There are two types of justices that make up the United States Supreme Court, practitioners of judicial activism and practitioners of judicial restraint. Practitioners of judicial activism favor the expansion of the role of a Supreme Court Justice beyond that of applying the law, but to remake it to fit certain intellectual visions. Practitioners of judicial restraint are Justices who bind themselves to the original meaning of written law and make rulings based on that meaning, not rulings based on the desired outcome of the case. As social theorist and economist Thomas Sowell once wrote, “Those who advocate a greatly expanded latitude for judges to ‘interpret’ laws to suit the presumed necessities or the spirit of the times rather, being bound by what the words meant when the laws were enacted, seem implicitly to assume that activist judges will bend the law in the direction preferred by such advocates- in effect, promote the vision of the anointed. But, judicial activism is a blank check for going in any direction on any issue, depending on the predilections of particular judges.” The blank check that Thomas Sowell describes is the reason why practitioners of judicial activism are harmful to the American Republic.
In the 1950s, Chief Justice Earl Warren used stretched interpretations of the law to outlaw racial segregation in the United States. His rulings were championed because of the social effects they created, but everyone forgets that a century earlier Chief Justice Roger Taney used similar stretched interpretations in the Dred Scott case that asserted that the black man “had no rights which the white man was bound to respect.”In short, activist judges who can change the meaning of written law at a whim can cause serious harm to the American Republic because of the “blank check” of judicial activism.
Another prime example, of judicial activism that has resulted in harmful expansive interpretations of the law is the 1942 case of Wickard v. Filburn. Under the Agriculture Adjustment Act of 1938, the federal government had the power to control the production and distribution of many agricultural products. This power came from the ability of the federal government to regulate interstate commerce under the United States Constitution. In Ohio, the law was applied to a farmer who grew a small portion of wheat for himself and his animals and the federal Department of Agriculture determined that this was more than permitted to be grown and with that dictated to him. The farmer challenged the federal government because the wheat he was growing was not even going into interstate commerce or even intrastate commerce. The case went to the United States Supreme Court, and the court ruled that federal authority could be extended to include production that did not enter interstate commerce. The ruling means virtually anything could be considered interstate commerce and it has become a tool in expanding federal power over the years even though the Tenth Amendment limits the expansion of federal authority.

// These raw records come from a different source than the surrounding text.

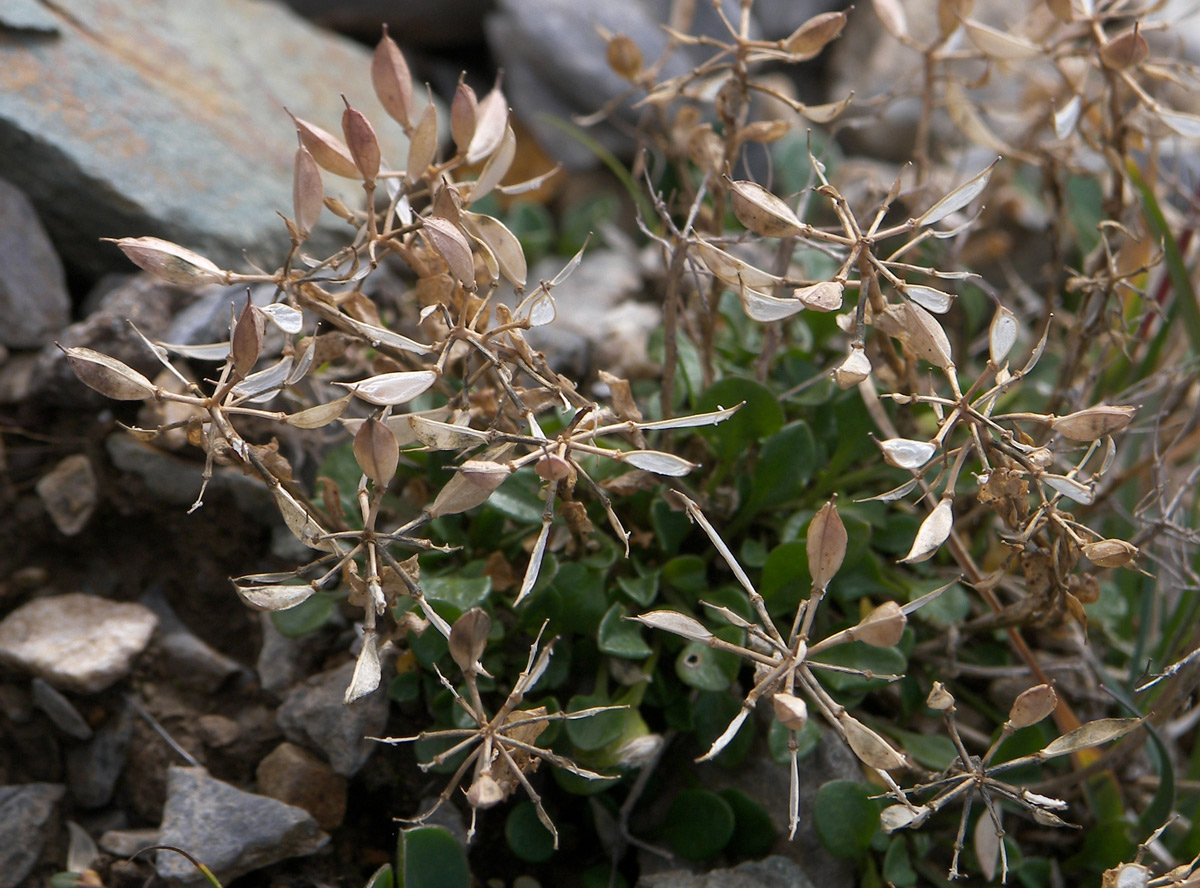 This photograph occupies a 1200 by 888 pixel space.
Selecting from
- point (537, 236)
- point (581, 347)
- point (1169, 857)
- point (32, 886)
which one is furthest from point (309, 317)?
point (1169, 857)

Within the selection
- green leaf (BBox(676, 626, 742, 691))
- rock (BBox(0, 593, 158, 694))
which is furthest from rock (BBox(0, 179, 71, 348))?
green leaf (BBox(676, 626, 742, 691))

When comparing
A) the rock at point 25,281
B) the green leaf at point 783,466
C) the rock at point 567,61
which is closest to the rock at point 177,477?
the rock at point 25,281

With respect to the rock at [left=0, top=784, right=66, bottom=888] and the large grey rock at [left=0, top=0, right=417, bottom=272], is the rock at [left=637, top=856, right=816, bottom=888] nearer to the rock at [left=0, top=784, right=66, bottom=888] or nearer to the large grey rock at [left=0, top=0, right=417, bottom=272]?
the rock at [left=0, top=784, right=66, bottom=888]

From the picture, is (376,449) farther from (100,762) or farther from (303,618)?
(100,762)

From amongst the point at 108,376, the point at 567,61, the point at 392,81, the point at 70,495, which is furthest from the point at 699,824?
the point at 567,61

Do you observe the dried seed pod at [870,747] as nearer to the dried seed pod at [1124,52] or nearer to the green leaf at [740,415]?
the green leaf at [740,415]

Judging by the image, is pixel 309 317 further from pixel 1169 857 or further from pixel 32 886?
pixel 1169 857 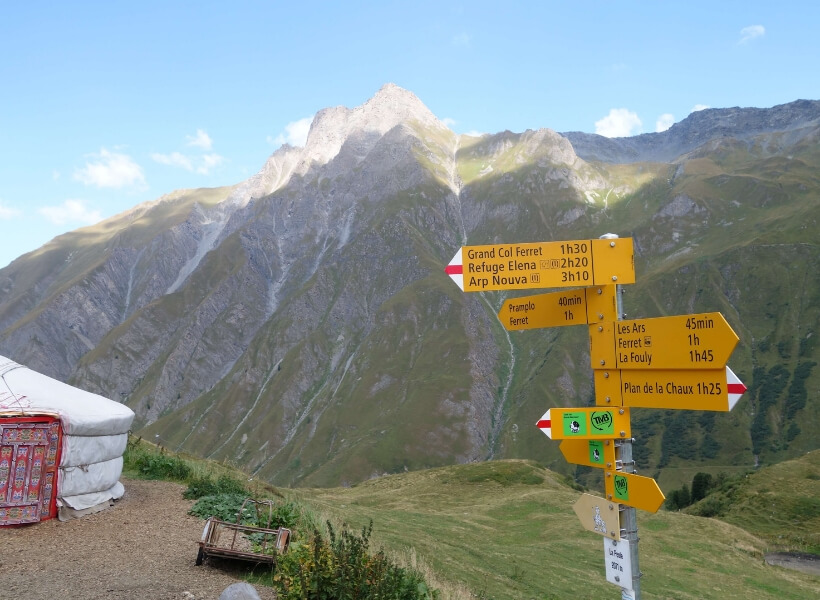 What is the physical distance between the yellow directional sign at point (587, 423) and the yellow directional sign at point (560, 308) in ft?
3.68

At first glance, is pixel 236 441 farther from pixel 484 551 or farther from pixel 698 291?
pixel 484 551

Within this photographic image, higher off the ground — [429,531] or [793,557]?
[429,531]

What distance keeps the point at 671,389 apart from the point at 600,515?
175cm

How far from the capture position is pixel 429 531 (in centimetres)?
2127

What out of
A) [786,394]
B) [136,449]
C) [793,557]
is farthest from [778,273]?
[136,449]

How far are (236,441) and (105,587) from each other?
18564 centimetres

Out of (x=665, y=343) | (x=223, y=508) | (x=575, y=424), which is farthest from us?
(x=223, y=508)

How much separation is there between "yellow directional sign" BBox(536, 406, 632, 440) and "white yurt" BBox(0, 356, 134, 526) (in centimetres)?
1259

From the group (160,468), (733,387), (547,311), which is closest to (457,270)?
(547,311)

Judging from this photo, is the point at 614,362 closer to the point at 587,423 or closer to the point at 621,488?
the point at 587,423

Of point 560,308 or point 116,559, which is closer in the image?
point 560,308

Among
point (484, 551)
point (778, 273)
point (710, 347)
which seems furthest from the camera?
point (778, 273)

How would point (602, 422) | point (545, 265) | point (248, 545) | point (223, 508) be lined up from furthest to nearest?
point (223, 508) < point (248, 545) < point (545, 265) < point (602, 422)

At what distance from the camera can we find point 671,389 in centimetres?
643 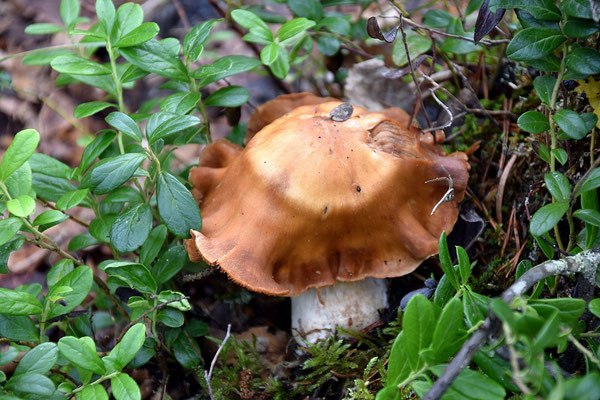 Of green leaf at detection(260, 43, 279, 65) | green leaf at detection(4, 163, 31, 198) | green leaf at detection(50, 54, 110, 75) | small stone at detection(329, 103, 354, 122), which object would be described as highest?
green leaf at detection(50, 54, 110, 75)

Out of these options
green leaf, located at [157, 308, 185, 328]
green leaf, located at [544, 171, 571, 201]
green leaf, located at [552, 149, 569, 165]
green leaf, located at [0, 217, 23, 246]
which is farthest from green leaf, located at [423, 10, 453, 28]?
green leaf, located at [0, 217, 23, 246]

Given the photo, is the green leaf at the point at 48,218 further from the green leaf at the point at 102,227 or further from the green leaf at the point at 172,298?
the green leaf at the point at 172,298

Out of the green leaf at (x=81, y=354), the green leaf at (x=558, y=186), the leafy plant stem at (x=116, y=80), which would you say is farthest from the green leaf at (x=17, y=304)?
the green leaf at (x=558, y=186)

It is not the job of a Supreme Court Justice to make or change laws. That job goes to lawmakers in Congress. It is the job of a Supreme Court Justice to make rulings based on the original meaning of the statutes as they stand on paper. Justice Antonin Scalia once said, “Words have meaning, and their meaning doesn’t change.” It is meaning that binds judges, who should apply the meaning of the law in their rulings. The proper role of a Justice is to make rulings based on the original meaning of the text not to expand it to what they want it to mean.